The Mexican government has recently developed several protocols in order to incorporate new regulations for electronic operations into the Mexican legal system. As a matter of fact, the Federal Commerce Code, the Federal Civil Code, as well as the Federal Consumer Protection Law, were recently submitted to substantial modifications regarding the probative value of data messages, as well as the acceptance contained in agreements and contracts celebrated by electronic media.

In Mexico, the most important regulations regarding contracts law are the Federal Commerce Code and the Federal Civil Law. None of these Codes contained any provision in order to regulate operations celebrated by electronic media, such as electronic commerce.

In order to incorporate and regulate electronic commerce in the Mexican legal system, several amendments to contracts regulations were made. These amendments include the acceptance given by electronic media, products liability in purchases made by e-commerce, and, of course, the probative value of data messages.

When a document is used as evidence in a judicial or administrative procedure in Mexico, it has to fulfill with certain requirements in order to have enough probative value. For example, the contract filed before Court must be on its original version and it must contain the signature of both parties.
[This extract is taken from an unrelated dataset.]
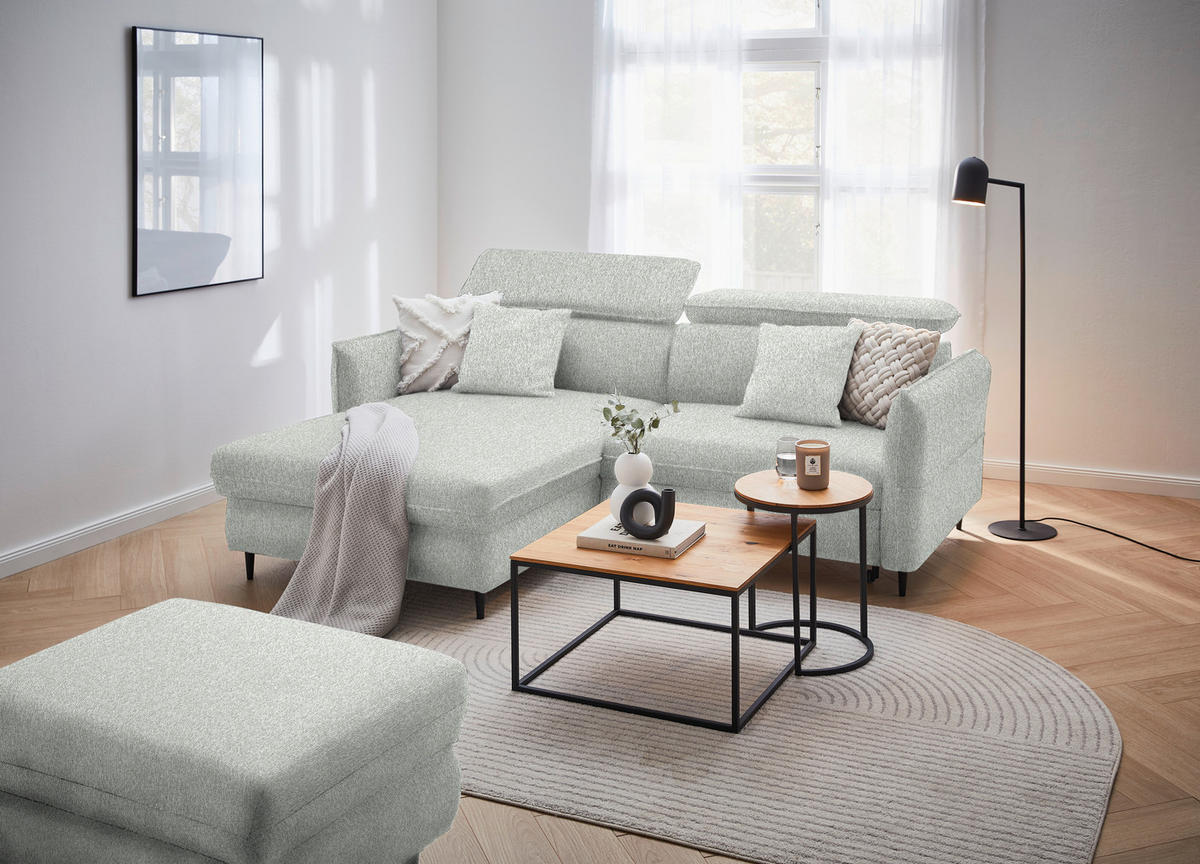 ECKSOFA inkl. Funktionen Ecru Struktur  - Ecru/Schwarz, Design, Holz/Textil (185/232cm) - Stylife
The problem in case of data messages is that the existence of the document per se, would depend on the fact that one of the parties involved in an electronic transaction print such document, with the problem that no signature would appear, and that, therefore and according to the Mexican Legal System, formalities of contracts law would be missing.

The Congress made several amendments to Mexican laws in order to clearly establish the rules under which data messages would have probative value in judicial procedures, but such rules are not enough for Mexican judges to apply the amendments made to our legal system in judicial procedures. At this moment, some precedents have been established by Courts of Appeal. Unfortunately, the interpretations made up to this moment are not clear enough and judges are not giving full probative value to data messages. The criteria followed are based on the fact that data messages do not contain the signature of the parties involved in an electronic transaction.

In the Congress a couple of initiatives for new amendments have been submitted but they lack of important elements, such as the regulation and incorporation of electronic signatures.

As a conclusion, I believe that, even though a big step was given by incorporating in our legal system provisions for the regulation of electronic transactions and data messages, it is necessary to include new amendments in our codes to validate electronic signature. At the same time, it is also necessary to update Mexican Courts in all issues related with electronic commerce. Without these actions, I believe it will be almost impossible to make an accurate and correct interpretation of law.